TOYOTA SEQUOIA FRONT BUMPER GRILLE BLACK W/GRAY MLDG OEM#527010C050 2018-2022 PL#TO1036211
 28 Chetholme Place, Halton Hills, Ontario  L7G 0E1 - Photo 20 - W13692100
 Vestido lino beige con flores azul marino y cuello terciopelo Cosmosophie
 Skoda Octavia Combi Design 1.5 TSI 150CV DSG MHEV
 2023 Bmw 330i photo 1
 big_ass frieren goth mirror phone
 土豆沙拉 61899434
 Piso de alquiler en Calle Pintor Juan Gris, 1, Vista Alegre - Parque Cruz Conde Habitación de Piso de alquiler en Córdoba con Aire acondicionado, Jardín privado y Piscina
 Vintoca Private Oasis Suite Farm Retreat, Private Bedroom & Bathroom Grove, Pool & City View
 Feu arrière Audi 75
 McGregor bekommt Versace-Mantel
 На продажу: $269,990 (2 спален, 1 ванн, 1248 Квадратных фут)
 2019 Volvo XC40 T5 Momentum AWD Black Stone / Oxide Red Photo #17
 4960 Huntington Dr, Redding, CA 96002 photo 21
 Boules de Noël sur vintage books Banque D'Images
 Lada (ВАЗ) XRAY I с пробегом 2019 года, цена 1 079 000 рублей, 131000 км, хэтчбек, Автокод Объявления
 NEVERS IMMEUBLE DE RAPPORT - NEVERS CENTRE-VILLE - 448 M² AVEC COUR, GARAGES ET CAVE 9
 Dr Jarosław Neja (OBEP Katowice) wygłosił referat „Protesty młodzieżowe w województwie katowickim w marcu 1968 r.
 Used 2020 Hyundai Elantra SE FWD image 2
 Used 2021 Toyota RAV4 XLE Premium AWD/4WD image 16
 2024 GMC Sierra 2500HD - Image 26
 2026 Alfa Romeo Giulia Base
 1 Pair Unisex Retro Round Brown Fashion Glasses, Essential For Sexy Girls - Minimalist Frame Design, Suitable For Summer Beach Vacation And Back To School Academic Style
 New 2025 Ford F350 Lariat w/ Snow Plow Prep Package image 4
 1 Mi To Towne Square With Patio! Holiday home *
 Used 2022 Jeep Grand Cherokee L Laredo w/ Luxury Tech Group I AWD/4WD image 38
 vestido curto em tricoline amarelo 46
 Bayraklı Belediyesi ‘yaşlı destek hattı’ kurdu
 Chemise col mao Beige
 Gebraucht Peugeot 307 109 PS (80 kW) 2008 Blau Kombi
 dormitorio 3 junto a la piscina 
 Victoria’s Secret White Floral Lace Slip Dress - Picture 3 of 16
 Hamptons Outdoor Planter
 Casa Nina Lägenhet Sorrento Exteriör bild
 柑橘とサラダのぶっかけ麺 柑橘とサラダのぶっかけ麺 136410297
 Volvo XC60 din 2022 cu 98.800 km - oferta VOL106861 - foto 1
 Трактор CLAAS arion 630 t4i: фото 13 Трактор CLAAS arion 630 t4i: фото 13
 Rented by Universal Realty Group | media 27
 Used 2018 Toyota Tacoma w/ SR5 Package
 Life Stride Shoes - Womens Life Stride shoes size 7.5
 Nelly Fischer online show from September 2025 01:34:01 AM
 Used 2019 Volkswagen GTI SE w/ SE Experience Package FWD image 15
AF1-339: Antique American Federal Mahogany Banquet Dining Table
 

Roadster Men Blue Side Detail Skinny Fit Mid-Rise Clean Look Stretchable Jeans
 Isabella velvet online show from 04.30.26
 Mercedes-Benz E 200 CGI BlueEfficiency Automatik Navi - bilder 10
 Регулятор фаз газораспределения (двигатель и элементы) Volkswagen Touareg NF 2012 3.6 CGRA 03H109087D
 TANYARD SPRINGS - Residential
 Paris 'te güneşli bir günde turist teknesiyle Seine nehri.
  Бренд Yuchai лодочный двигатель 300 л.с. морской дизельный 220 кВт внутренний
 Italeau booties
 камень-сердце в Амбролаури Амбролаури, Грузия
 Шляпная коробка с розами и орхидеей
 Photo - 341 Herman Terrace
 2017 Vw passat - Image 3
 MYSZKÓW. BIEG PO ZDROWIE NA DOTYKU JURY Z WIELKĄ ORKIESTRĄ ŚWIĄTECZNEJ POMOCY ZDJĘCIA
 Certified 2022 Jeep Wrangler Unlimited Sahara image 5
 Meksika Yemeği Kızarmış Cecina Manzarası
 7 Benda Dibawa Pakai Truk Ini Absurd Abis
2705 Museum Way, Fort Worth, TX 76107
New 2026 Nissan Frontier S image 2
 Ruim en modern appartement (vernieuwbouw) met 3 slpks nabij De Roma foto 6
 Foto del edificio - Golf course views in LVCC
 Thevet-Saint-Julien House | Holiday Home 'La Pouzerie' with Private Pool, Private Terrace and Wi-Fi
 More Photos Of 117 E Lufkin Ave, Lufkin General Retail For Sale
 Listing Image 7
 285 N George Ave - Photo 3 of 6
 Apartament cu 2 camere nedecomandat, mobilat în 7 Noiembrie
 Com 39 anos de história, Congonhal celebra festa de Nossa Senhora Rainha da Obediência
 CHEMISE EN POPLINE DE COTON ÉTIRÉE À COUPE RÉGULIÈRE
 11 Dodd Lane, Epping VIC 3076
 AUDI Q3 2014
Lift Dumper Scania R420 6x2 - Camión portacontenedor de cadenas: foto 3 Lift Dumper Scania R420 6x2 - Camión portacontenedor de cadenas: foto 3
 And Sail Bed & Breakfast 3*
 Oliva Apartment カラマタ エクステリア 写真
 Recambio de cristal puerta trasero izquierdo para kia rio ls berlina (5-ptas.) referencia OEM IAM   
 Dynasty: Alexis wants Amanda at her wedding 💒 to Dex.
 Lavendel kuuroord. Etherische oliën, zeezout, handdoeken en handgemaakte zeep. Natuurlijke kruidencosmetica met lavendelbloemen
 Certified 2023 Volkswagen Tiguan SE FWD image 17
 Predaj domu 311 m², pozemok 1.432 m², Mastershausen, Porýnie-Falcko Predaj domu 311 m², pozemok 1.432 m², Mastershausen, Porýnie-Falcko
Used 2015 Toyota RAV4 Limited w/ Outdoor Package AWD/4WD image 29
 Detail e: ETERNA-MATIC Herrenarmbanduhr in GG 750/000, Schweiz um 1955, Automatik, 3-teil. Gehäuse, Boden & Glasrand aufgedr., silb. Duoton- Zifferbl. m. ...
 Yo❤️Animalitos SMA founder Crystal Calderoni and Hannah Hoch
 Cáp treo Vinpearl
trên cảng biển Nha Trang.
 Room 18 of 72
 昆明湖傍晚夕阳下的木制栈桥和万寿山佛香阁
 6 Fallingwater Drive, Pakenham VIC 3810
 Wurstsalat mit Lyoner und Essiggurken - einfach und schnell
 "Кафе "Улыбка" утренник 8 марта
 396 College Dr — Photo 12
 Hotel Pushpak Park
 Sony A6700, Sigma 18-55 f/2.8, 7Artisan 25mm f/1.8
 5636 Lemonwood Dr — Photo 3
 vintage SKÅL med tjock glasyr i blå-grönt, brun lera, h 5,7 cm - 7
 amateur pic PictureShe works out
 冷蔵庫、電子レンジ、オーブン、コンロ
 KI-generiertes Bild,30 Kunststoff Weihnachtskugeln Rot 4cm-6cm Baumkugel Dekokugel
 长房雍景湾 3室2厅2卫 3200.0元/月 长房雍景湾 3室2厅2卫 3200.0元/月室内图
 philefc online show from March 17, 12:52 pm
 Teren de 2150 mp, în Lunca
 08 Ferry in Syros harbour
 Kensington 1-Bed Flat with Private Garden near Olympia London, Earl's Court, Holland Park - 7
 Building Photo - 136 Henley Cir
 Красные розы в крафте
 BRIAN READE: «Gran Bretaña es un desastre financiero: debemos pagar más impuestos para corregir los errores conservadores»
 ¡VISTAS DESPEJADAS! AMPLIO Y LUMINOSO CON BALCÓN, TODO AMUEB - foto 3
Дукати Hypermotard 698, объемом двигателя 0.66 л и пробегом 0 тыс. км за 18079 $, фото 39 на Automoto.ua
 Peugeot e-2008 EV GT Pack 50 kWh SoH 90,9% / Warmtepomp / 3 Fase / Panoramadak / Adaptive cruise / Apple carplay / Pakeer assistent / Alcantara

==*==

To do:
Using the entries, return every line where the word "двигатель" can be found.

The answer:
 Регулятор фаз газораспределения (двигатель и элементы) Volkswagen Touareg NF 2012 3.6 CGRA 03H109087D
  Бренд Yuchai лодочный двигатель 300 л.с. морской дизельный 220 кВт внутренний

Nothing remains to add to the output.